Those migrant journeys

Migration statistics and policies hide the subjective experiences of migrating people. The hidden violence of controls pushes unpleasant sights away from European eyes. Forgotten film images bring the past to life and restore precious memories of loved ones to those who remain.

How can cinema respond to the migration crisis in Europe? Maria Iorio and Raphael Cuomo prefer to start by questioning the way this crisis is presented, only as a problem for governments, whose responses are normalized, while masking the deeper violence of criminalizing desperate people and those who rescue them. As the directors say, drawing attention to capitalist dynamics: 'Invisible fluxes of oil and gas beneath the Mediterranean connect Fortress Europe to Libya and the African continent, but the mobility of people on the surface is criminalised and interrupted.'

Their film "Chronicles of that time" goes beyond conventional documentary to uncover the shifting subjective experiences of migrants, emphasizing that 'past and present find echoes and resonances; the past can be reactivated... and return as a potentiality for the future. And it is a fragmented past which they discovered recorded in unused film sequences they had made years earlier.
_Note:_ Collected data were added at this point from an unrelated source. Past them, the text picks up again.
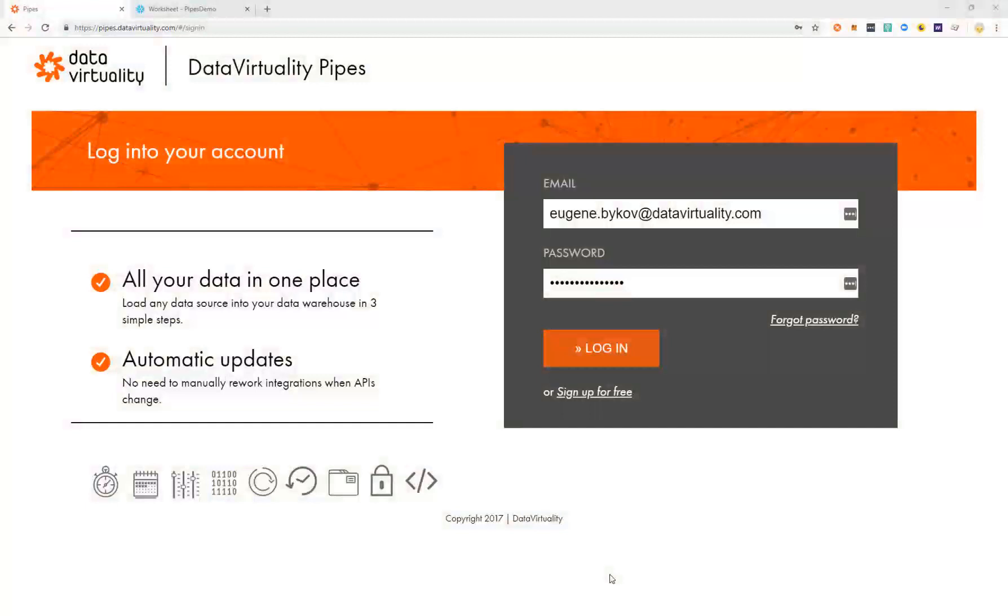Hello and welcome to this DataVirtuality demonstration. Today we'll be looking at DataVirtuality Pipes to show you how to easily integrate your data into Snowflake in several simple steps.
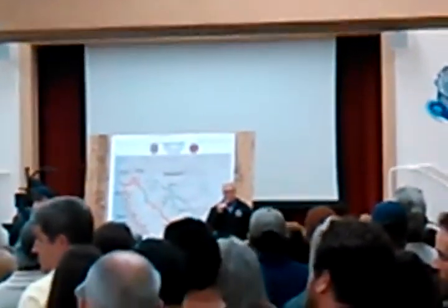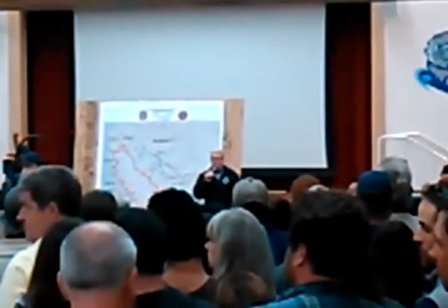I want to thank everyone for making the effort to be here tonight. I know many of you are preoccupied wondering the status of your own properties.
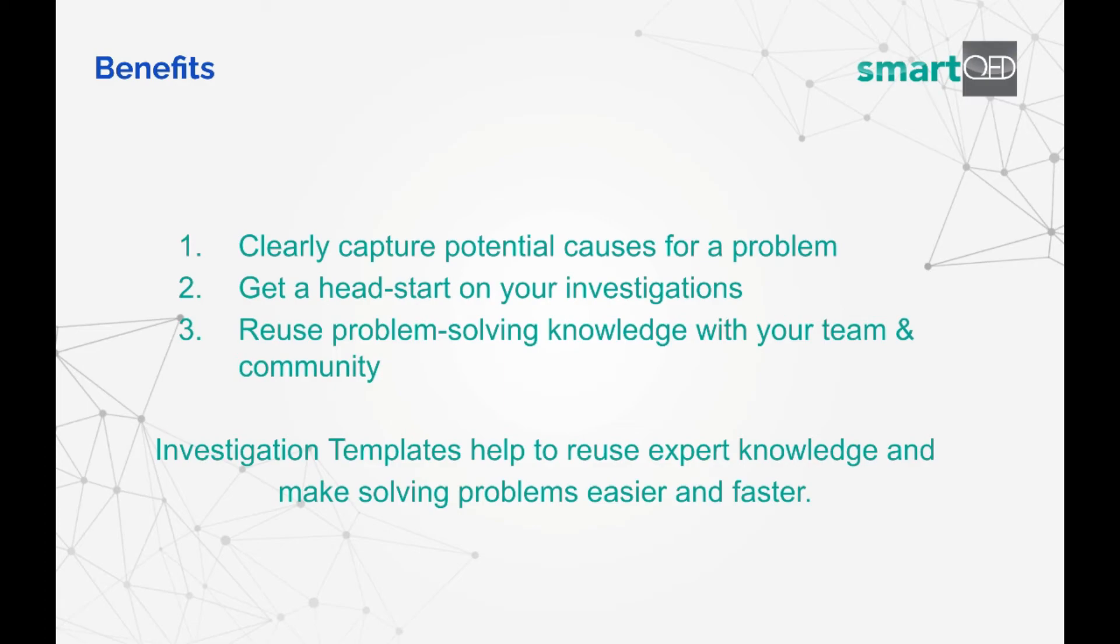This is far more efficient for quickly diagnosing and solving a problem than searching through sites like Stack Overflow. It also allows you to solve problems faster, due to the map of potential causes captured clearly in a visual diagram.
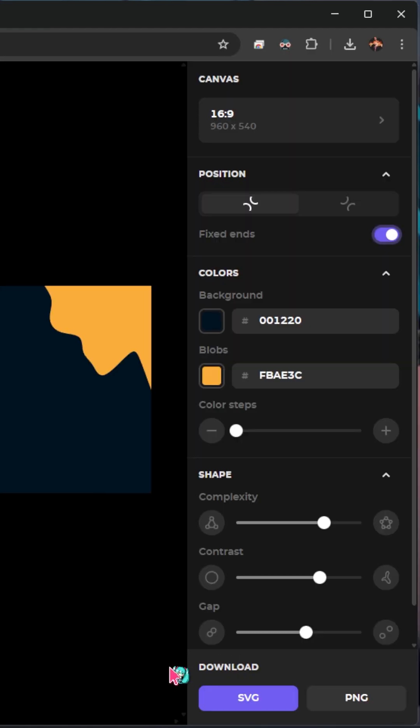These are cool for any backgrounds, or if you're doing a presentation and you want some really cool slides. When you're all done, you can download as SVG or a PNG, and you can start using them immediately.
A moment of parting from their protagonist, a Tunisian seasonal worker, seeded the logic of the film reconstructing the words of the past as if following the melodies of a forgotten song. As artists and filmmakers, they say: 'one of our urgent tasks is to contribute to tearing down a racist system of perception... and reimagine a world without those neo-colonial power relations.

Maria and Raphael talked to The Prisma after their film premiered at VisionsduReel, it was part of the international competition of FIDMarseille in July 2021.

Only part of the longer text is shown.